» Exercise instructions: Give all of the listing again word for word, with images excluded.

» Provided material:
○ ○ ○ ○

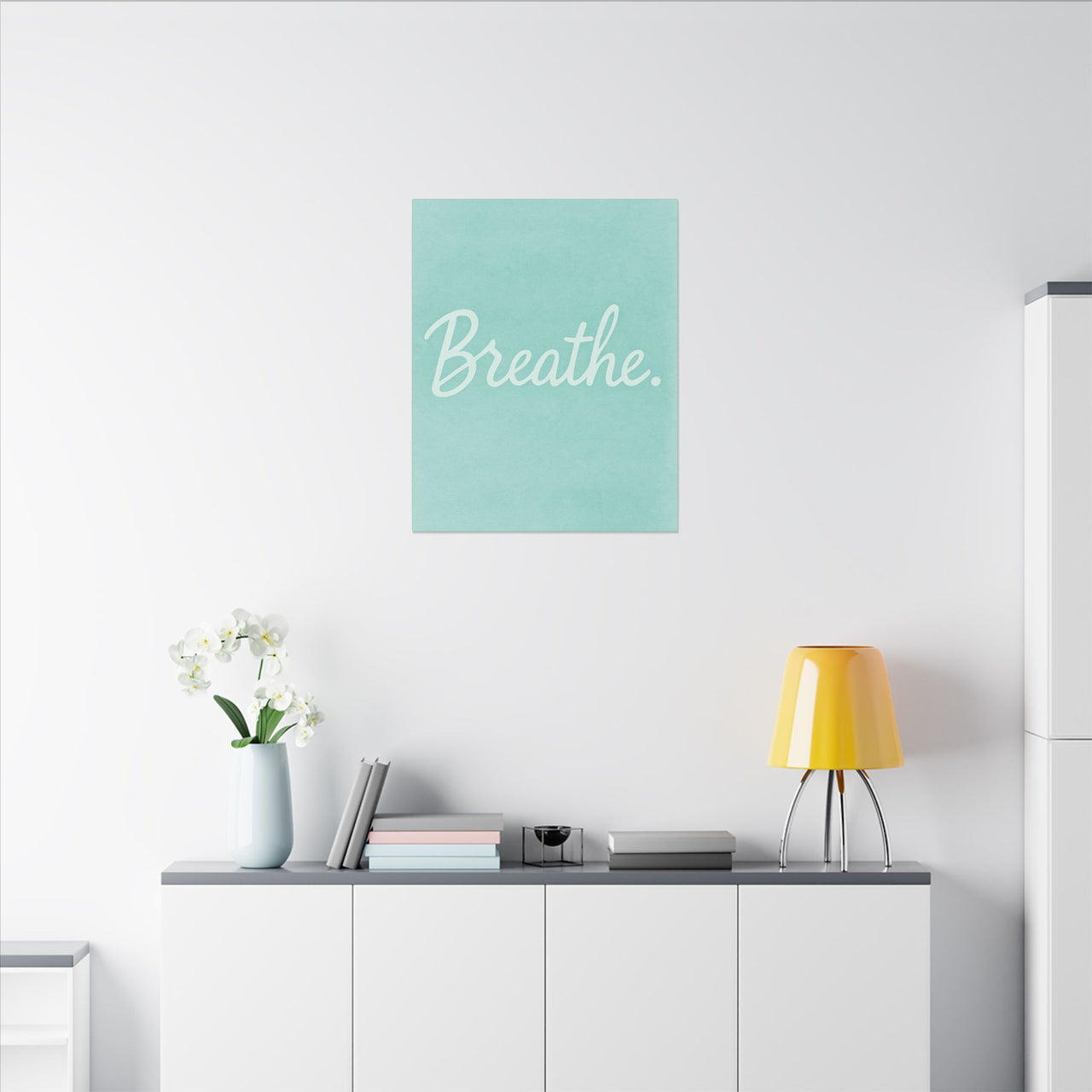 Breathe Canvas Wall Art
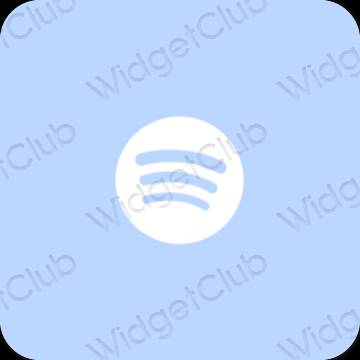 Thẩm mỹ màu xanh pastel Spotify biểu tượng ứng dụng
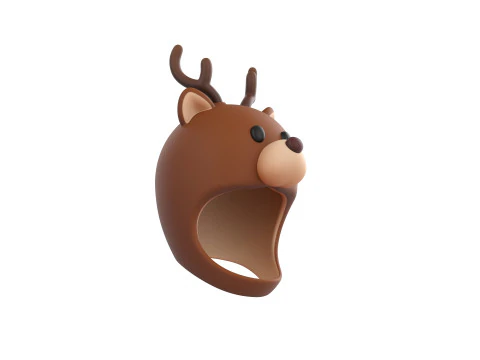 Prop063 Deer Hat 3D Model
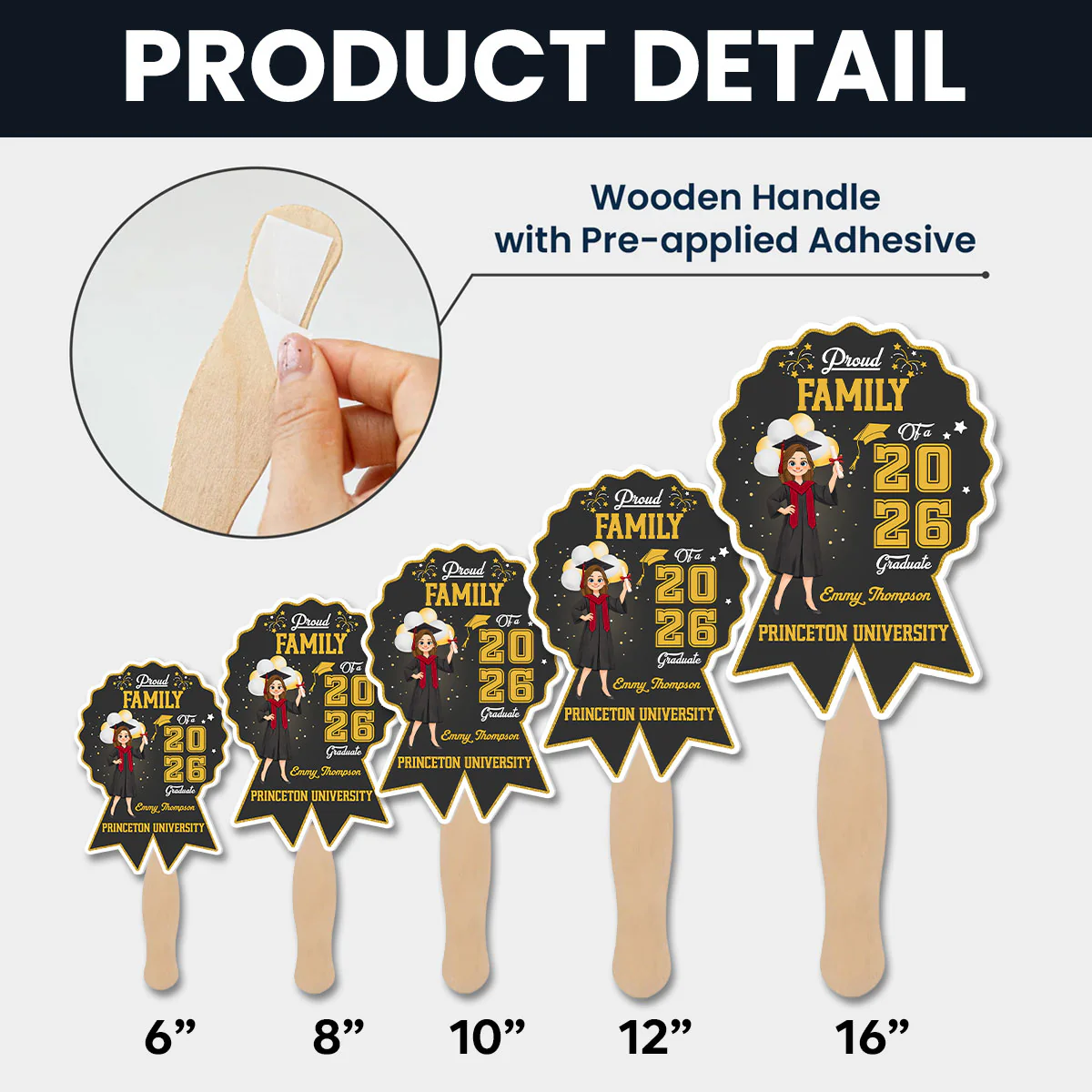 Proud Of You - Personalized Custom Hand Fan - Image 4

○ ○ ○ ○

» Task solution:
 Breathe Canvas Wall Art
 Thẩm mỹ màu xanh pastel Spotify biểu tượng ứng dụng
 Prop063 Deer Hat 3D Model
 Proud Of You - Personalized Custom Hand Fan - Image 4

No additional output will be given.